## Assignment:
Return exactly the run of lines that begins at the line containing "Design &amp; Clear Pockets" and ends at the last line of the material below; pictures stay out.

## Input material:
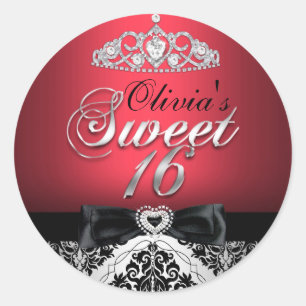Roter Damast & Schleifen-Sticker zum Sweet Sixteen Runder Aufkleber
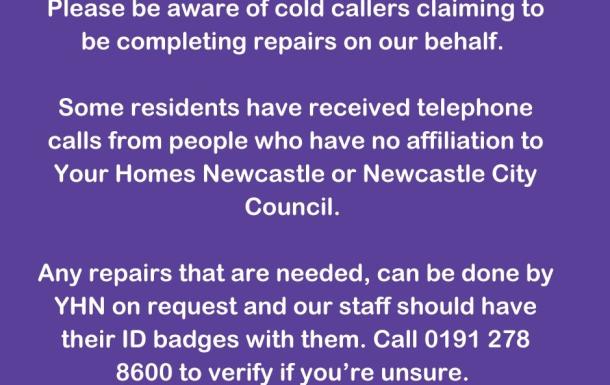 Cold callers are pretending to be our repairs teams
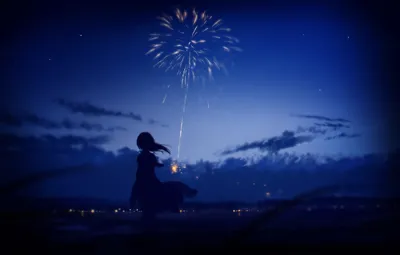 夜空烟花剪影 夜景 烟花 剪影 4K
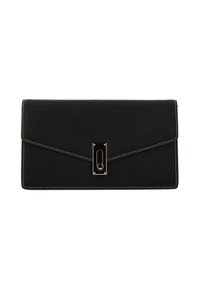 Pochette rettangolare in pelle nera texturizzata con cuciture bianche e chiusura con fermaglio color oro, fotografata su sfondo bianco.
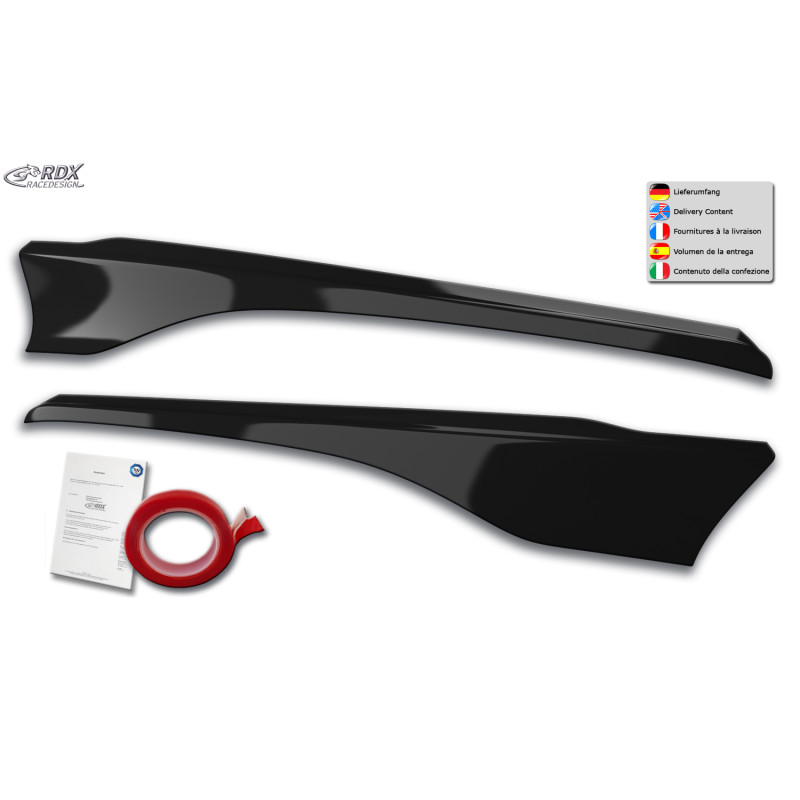 Palpebre fari per FORD Transit Custom & Tourneo Custom (2018+) nero lucido (Cod. R-RDSB157-GZD)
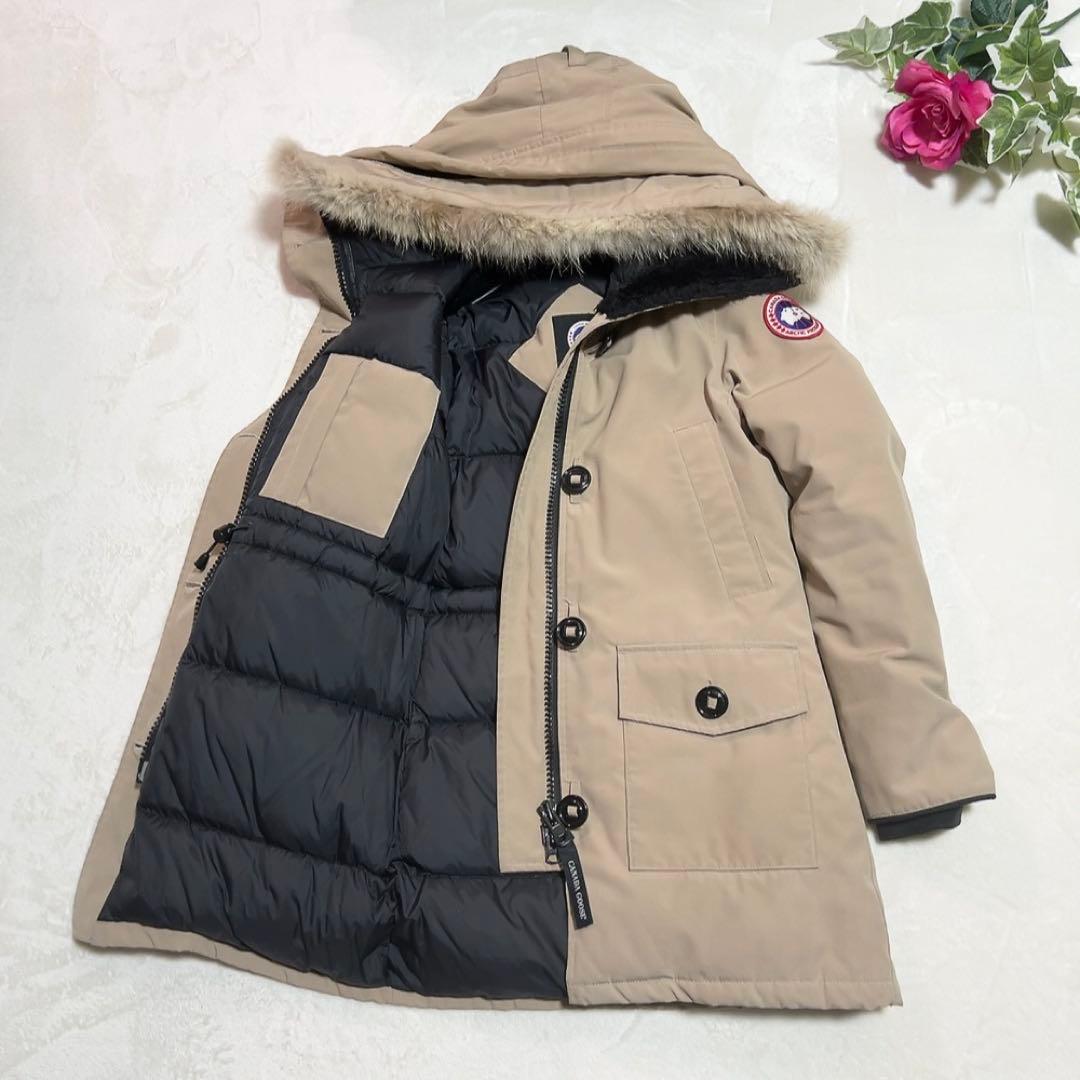 極美品✨ カナダグース ブロンテ ロング ファー ベージュ XS レディース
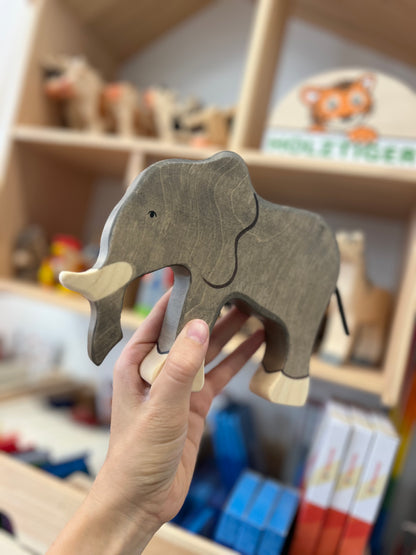 Elefante grande in legno Holztiger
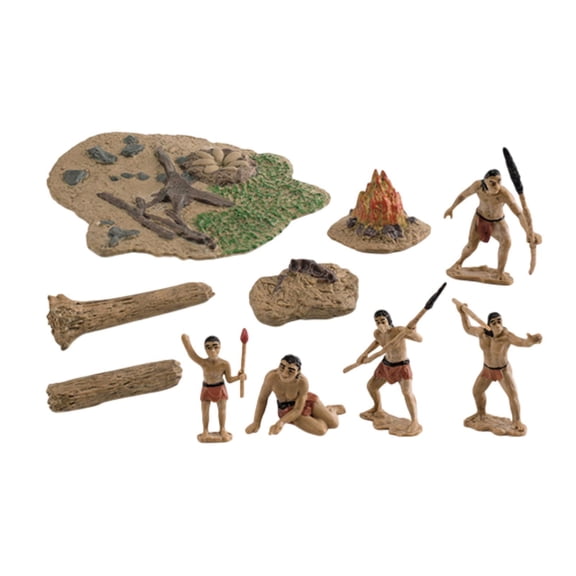 koolsoo Primitive People Statue Figurines Crafts Presents Collectible Scene Props Cute Mini Sculpture for Tabletop Home Office Garden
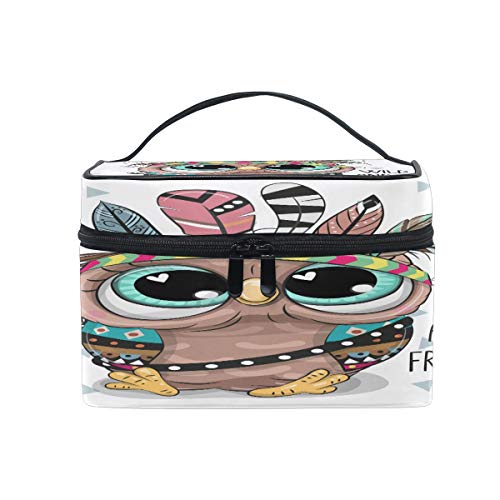 Hippie Cute Cartoon Tribal Owl Makeup Bag - Travel Cosmetic Organizer, Train Case & Toiletry Pouch for Women | Perfect for Vacation, Gym & Daily Essentials Storage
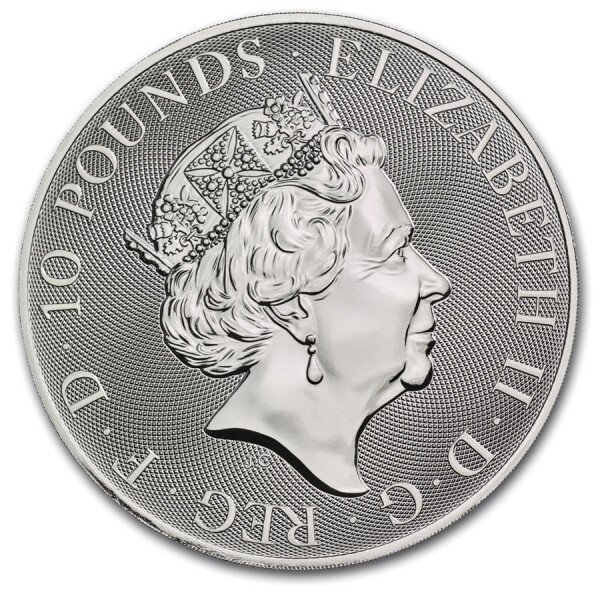 Storbritannien. 2020 10 oz £10 GBP UK Silver Queen's Beasts Falcon of the Plantagenets Coin BU (In Capsule)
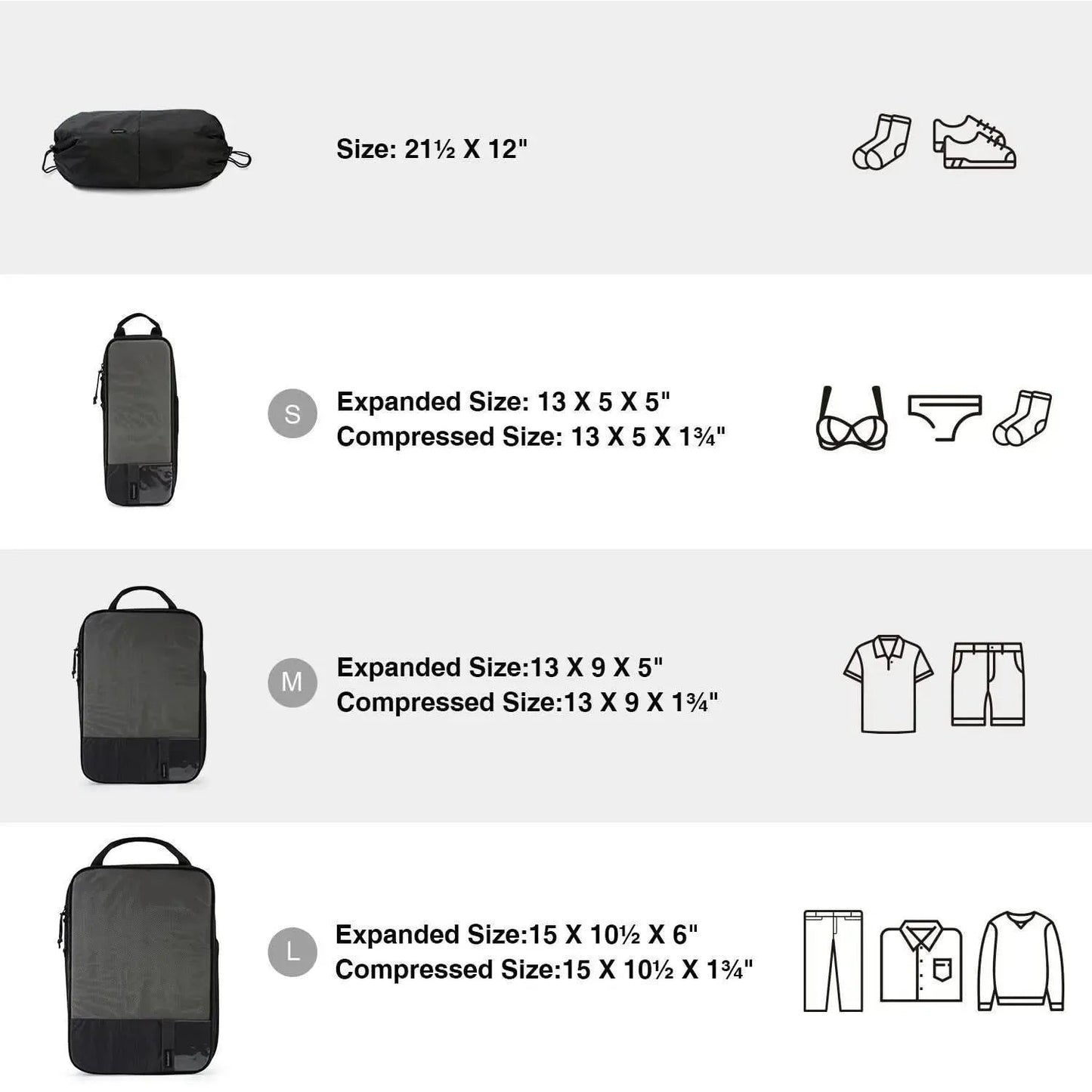 🛫 Travel Compression Packing Cubes Set | Lightweight Organizers with Expandable Design &amp; Clear Pockets
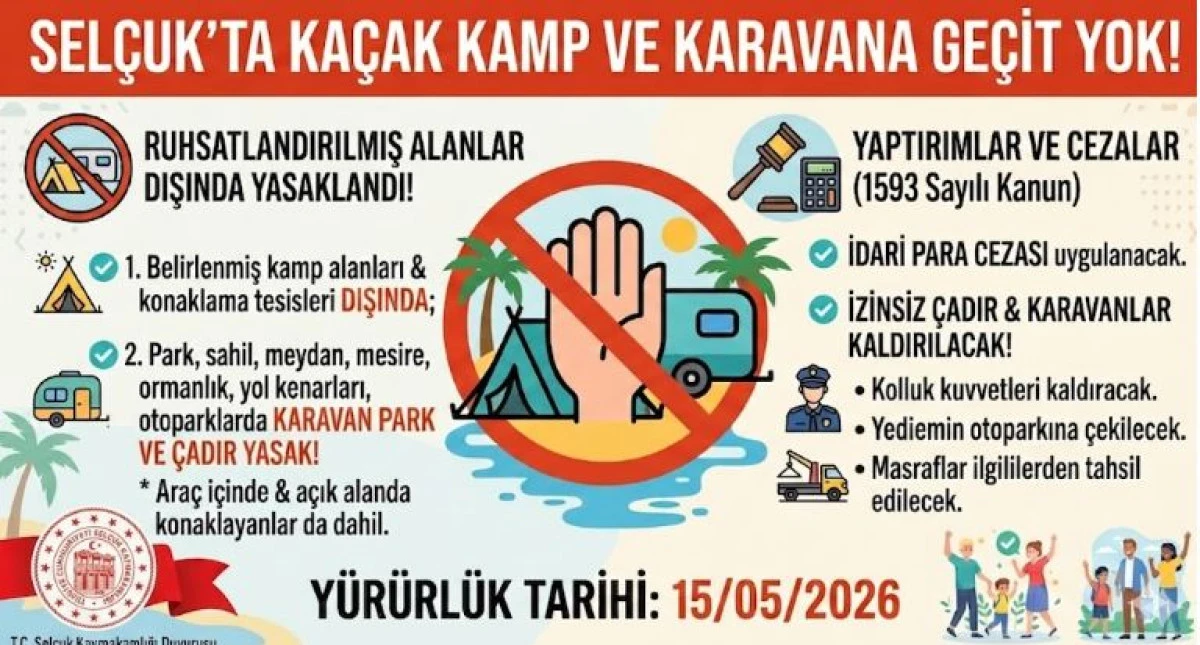 Sel&ccedil;uk&rsquo;ta Ka&ccedil;ak Kamp ve Karavana Ge&ccedil;it Yok: Yeni Yasaklar Y&uuml;r&uuml;rl&uuml;ğe Girdi!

## Answer to the exercise:
 🛫 Travel Compression Packing Cubes Set | Lightweight Organizers with Expandable Design &amp; Clear Pockets
 Sel&ccedil;uk&rsquo;ta Ka&ccedil;ak Kamp ve Karavana Ge&ccedil;it Yok: Yeni Yasaklar Y&uuml;r&uuml;rl&uuml;ğe Girdi!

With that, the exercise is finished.